PARIS, 5 mars 2019 – Une proposition de loi adoptée définitivement par le Parlement le 21 février allonge la durée initiale d’attribution de l’allocation journalière de présence parentale (AJPP) et donc du congé de présence parentale. Il facilite aussi le renouvellement des droits.

Le Sénat a adopté sans modification, en première lecture, le 21 février 2019, une proposition de lo iprésentée par les députés du groupe Modem et adoptée par l’Assemblée nationale le 29 novembre 2018, « visant à renforcer la prise en charge des cancers pédiatriques par la recherche, le soutien aux aidants familiaux, la formation des professionnels et le droit à l’oubli ». L’article 5 de ce texte améliore le droit au congé de présence parentale et à l’allocation journalière de présence parentale (AJPP) afférente. Le texte étant définitivement adopté, la loi devrait prochainement être publiée au Journal officiel.

Réviser les dispositifs de congé de présence parentale et d’allocation

Le médecin délivrant le certificat médical de l’enfant ouvrant droit à l’AJPP peut prévoir une durée d’attribution des droits comprise entre six mois et un an, contre six mois maximum à ce jour. Lorsque la durée prévisible du traitement excède un an, elle fait l’objet d’un nouvel examen à cette échéance. De plus, le renouvellement de ces droits peut non seulement avoir lieu comme jusqu’à présent, en cas de rechute ou de récidive de la pathologie de l’enfant au titre de laquelle le droit à l’AJPP avait été ouvert, mais également désormais « lorsque la gravité de la pathologie […] nécessite toujours une présence soutenue et des soins contraignants ». Enfin, pour la détermination des droits que le salarié tient de son ancienneté dans l’entreprise, la durée du congé de présence parentale est prise en compte en totalité, et non plus seulement pour moitié.

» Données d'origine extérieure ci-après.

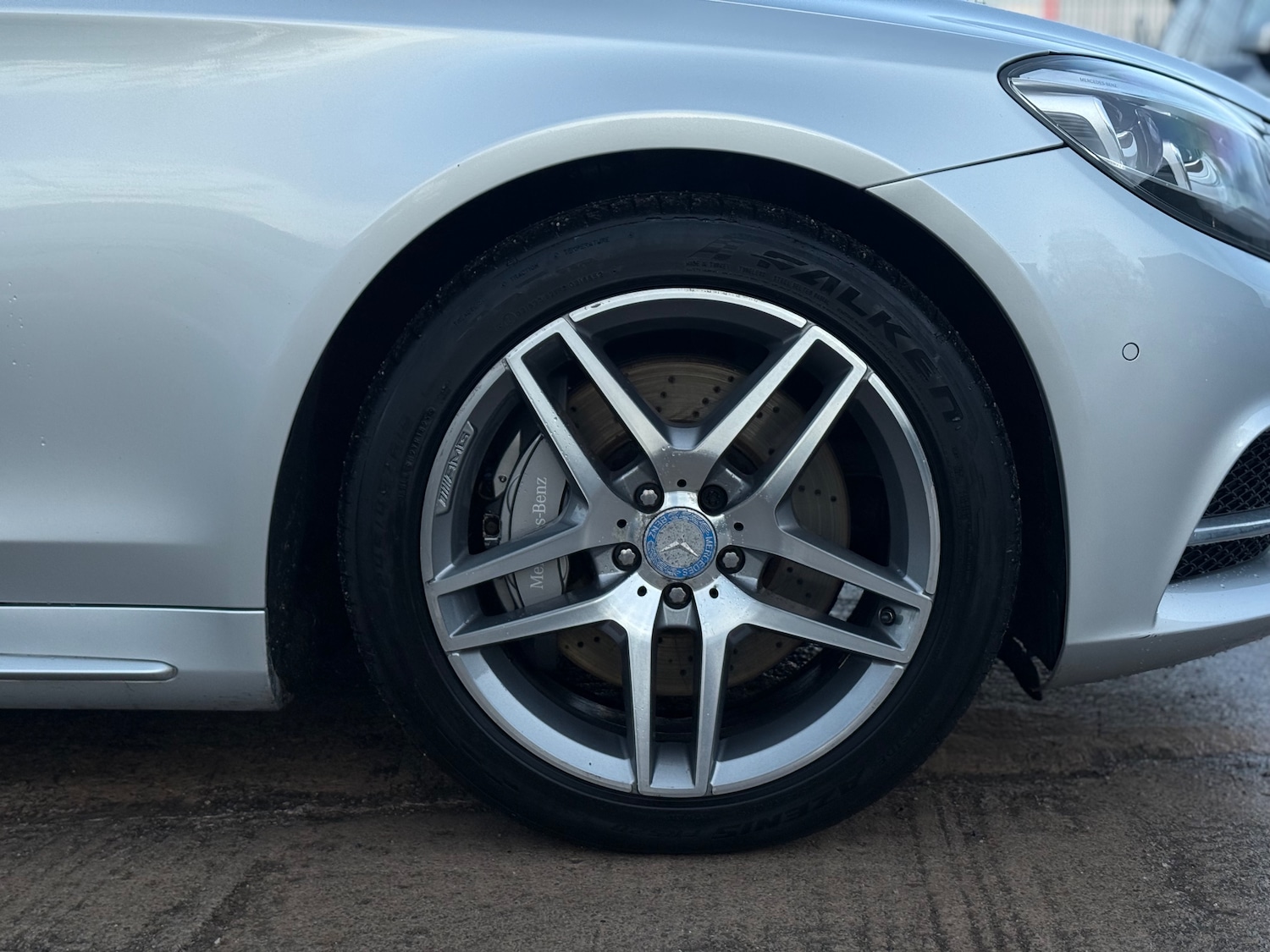 Used Mercedes-Benz S Class 2015 for sale - 77226139: Photo 77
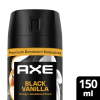 Axe Fine Fragrance Collection Black Vanilla déodorant & spray (150 ml) SAX00276 - 3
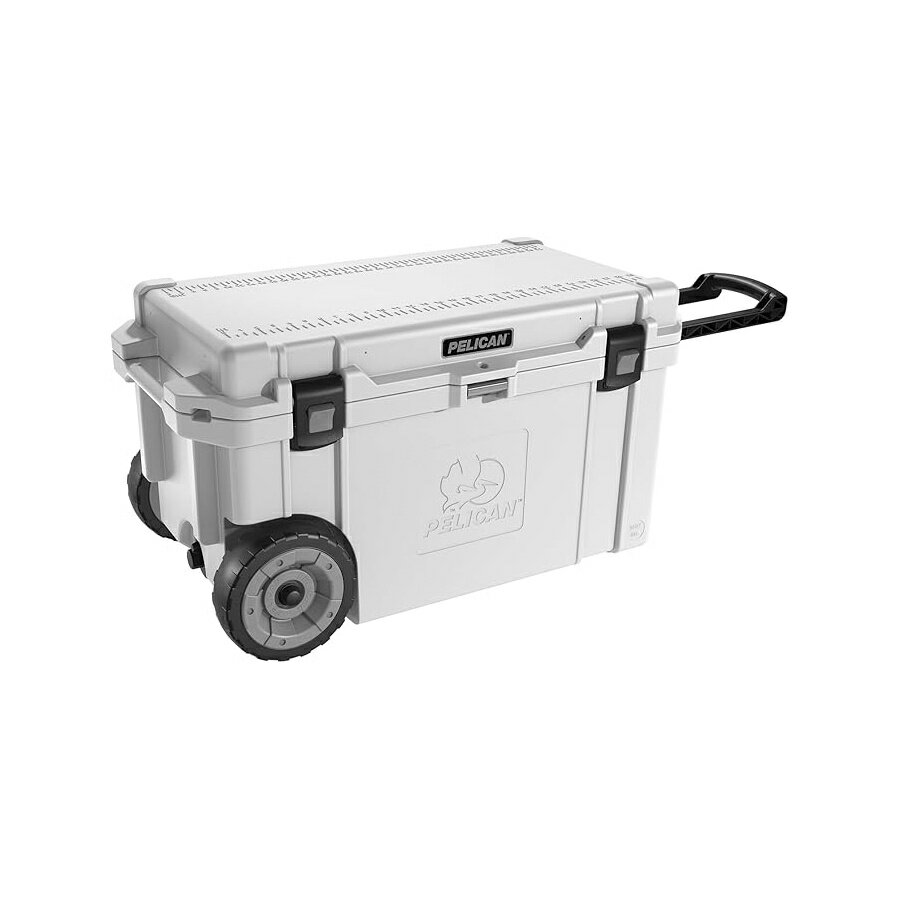Rakuten - ペリカン 45QT エリート ホイール付きクーラー Pelican 45QT Elite Wheeled Cooler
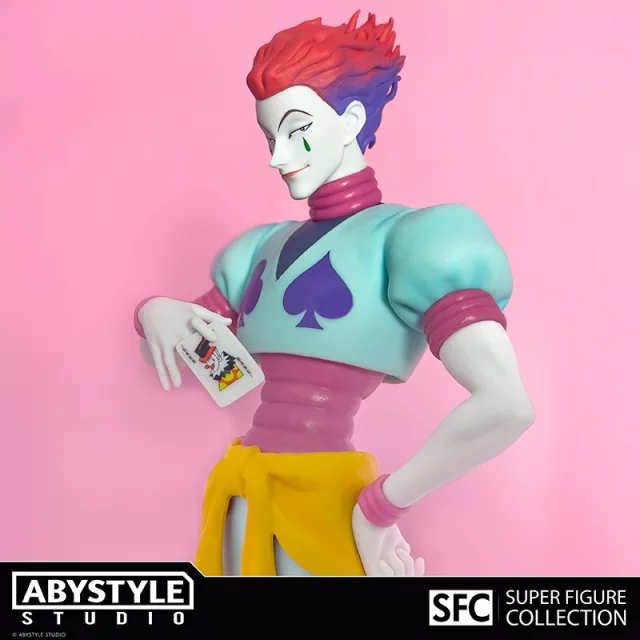 Figurka Hunter x Hunter - Hisoka (Super Figure Collection 14)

Rendre obligatoire l’information sur l’AEEH et la PCH

Les enfants pour lesquels l’AJPP peut être accordée peuvent également, dans certaines situations, bénéficier de l’allocation d’éducation de l’enfant handicapé (AEEH), voire de la prestation de compensation du handicap (PCH). En application du texte adopté, la CAF ou la MSA doit obligatoirement informer le demandeur ou le bénéficiaire de l’AJPP au sujet de ces deux prestations (critères, conditions d’attribution et modalités de demande). Il s’agit, selon l’exposé des motifs de l’amendement ayant introduit cette mesure, « de faciliter l’accès des familles à la totalité de leurs droits », de « leur permettre de bénéficier de l’allocation la plus favorable […] et d’éviter d’éventuelle discontinuité du droit lorsque l’évolution de l’état de l’enfant justifie une transition de l’AJPP vers l’AEEH ou la PCH ».